The weather is turning a bit toastier 'round Southern California, as it is wont to do in the middle of October, even as many people are readying to move onto true fall and sweather weather.
And the question so many of us ask on an unexpectedly hot day is this: Do we find a pool somewhere to cool down or do we seek out a museum that possesses plum A/C, the better to enjoy artworks in a pleasantly chilly space?
If you make for the Annenberg Community Beach House from Friday, Oct. 14 through Sunday, Oct. 16, you won't need to make that challenging choice: You can take a dip in a swimming pool while simultaneously enjoying a bevy of interesting pieces by 18 LA-based artists.
Local news from across Southern California
We speak of "Snorkel Dreams: A Machine Project Guide to Art Underwater," an imaginative, H2O-based collaboration between the historic Santa Monica landmark and Machine Project, the Echo Park-headquartered artist collective behind several surreal happenings (including a recent inquiry into what a UFO smells like).
"Snorkel Dreams" will feature "ceramics, paintings, underwater video, ice sculpture, photography, latex sea-horse, and a sunken mannequin," lest you were curious as to the impressive variety of pieces that will be placed at the bottom of the well-known pool.

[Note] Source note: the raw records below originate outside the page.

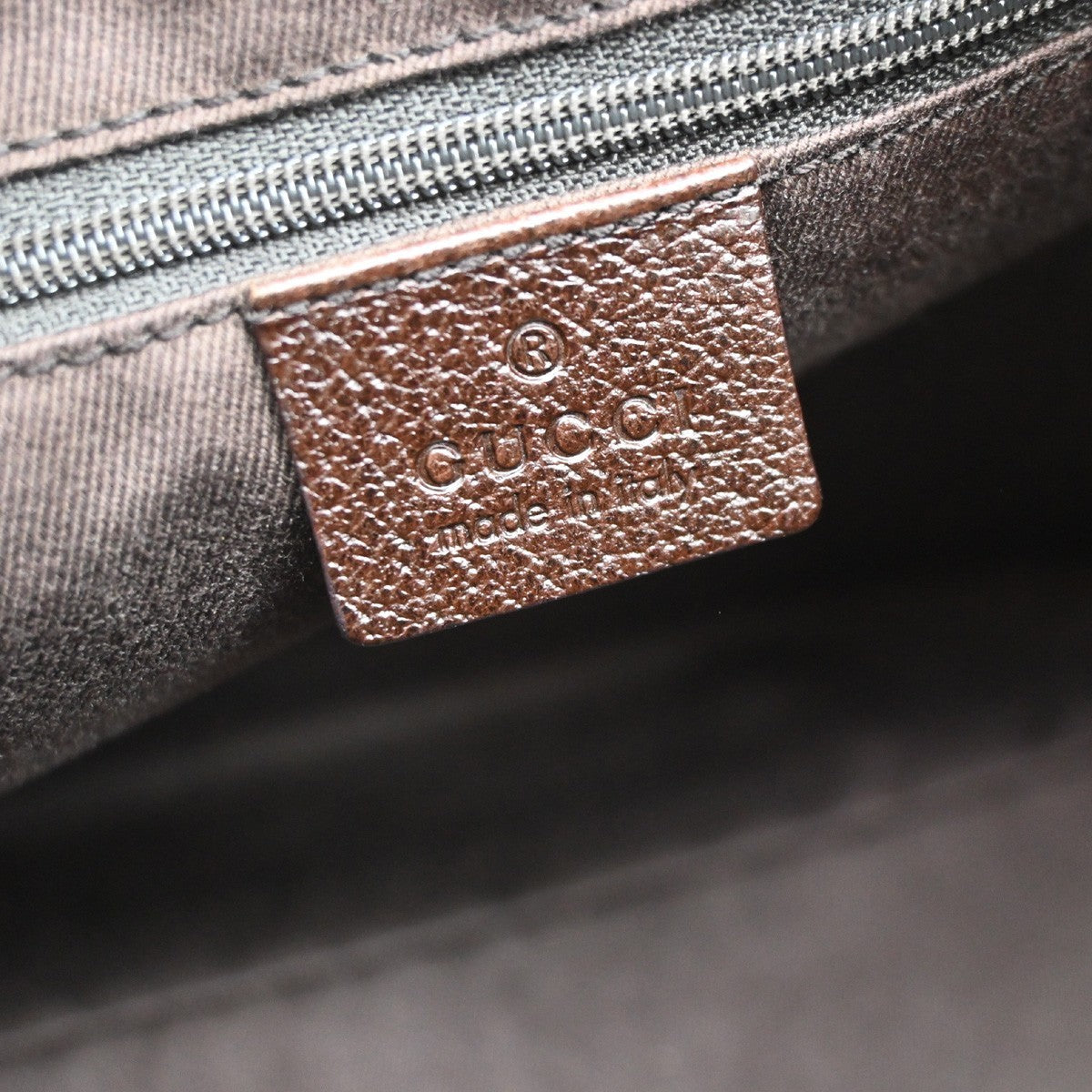 Gucci Vintage tote GG Canvas, BROWN, CANVAS, Tote bag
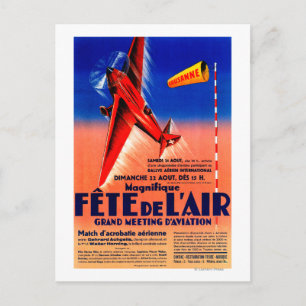 Flugshow mit Haryse Hilsz Werbeplakat Postkarte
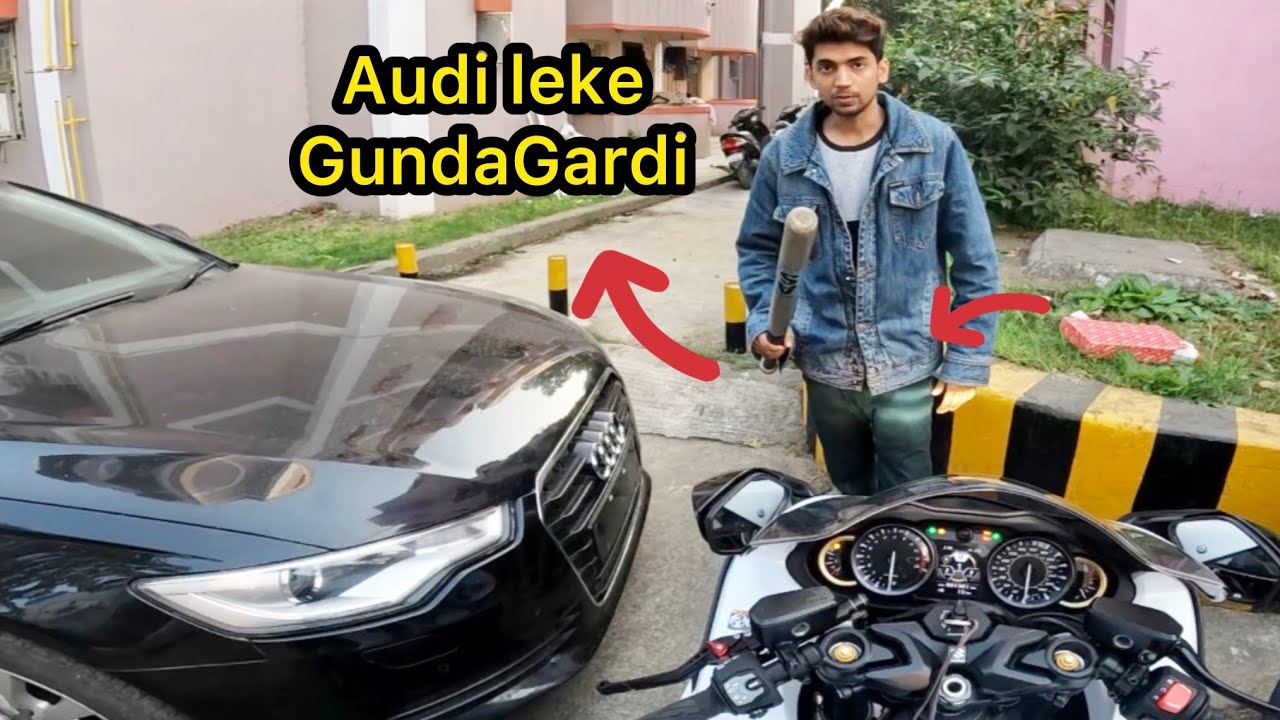 Ghar Ke Bahar Gunda Gardi😡 Hayabusa vs Audi 😱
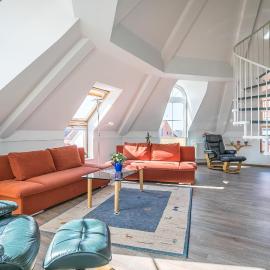 "Residenz Rosengrund" Residenz Rosengrund, Whg D 14 Galerie，位于比苏姆的酒店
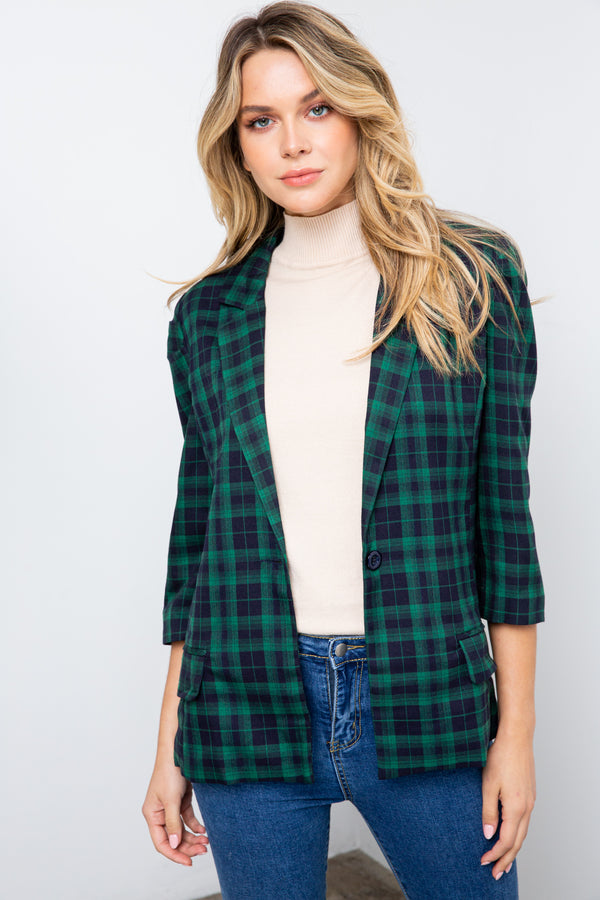 Plaid About You Blazer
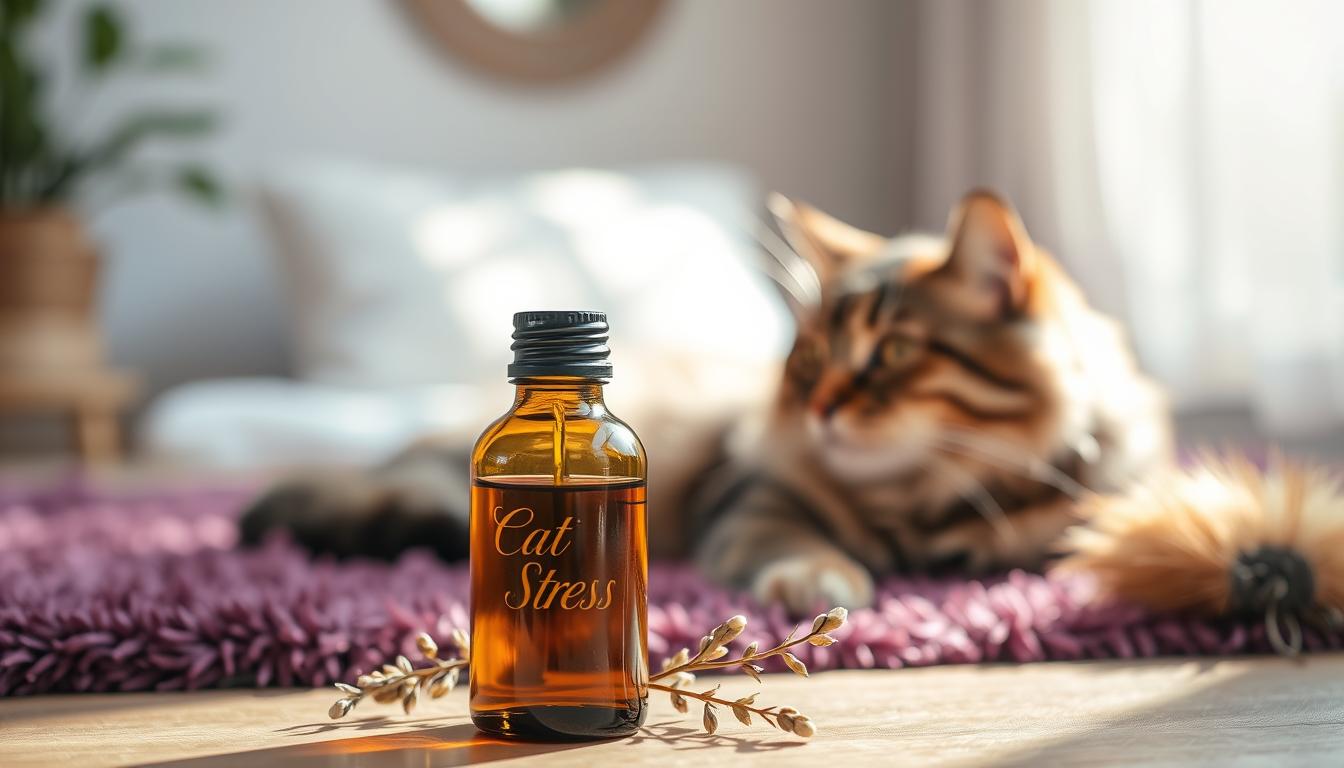 řízení stresu u koček pomocí esenciálních olejů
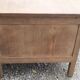 Administrative office 6 drawers 2 shelves old raw wood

"The show is free," says Machine Project, but due to limited space in the pool a time and day should be (read: absolutely definitely must be) reserved in advance. Really, do not dally if it piques your pool-loving interest.
And unlike most museum and gallery shows, you'll probably want to arrive with your swimsuit for this one, at least if you want to get closer to the artworks. As in, view them from a close-up vantage point underwater.
You can admire the artworks from above, of course, while standing or sitting outside of the pool. This is also a fine and whimsical way to experience the show if you do not swim or prefer to stay upon terra firma or you can't find your trunks, the one you wore to the beach only last August, darn it.
Snorkels and goggles are also recommended, but if you forget yours, or need to borrow, there shall be a few at the pool's edge (also, yes, remember a towel).
Artists include Jessica Cowley, Paul Pescador, and a host of convention-ignoring big thinkers who've embraced the idea of this most unusual, and highly soggy, of galleries.
True, some museums do have skylights, the better to illuminate rare masterworks, but "Snorkel Dreams" will have a lot of sun, with no skylight to diffuse its beams, so arrive not only with your wonder and curiosity in tow but with a bottle of sunscreen, too.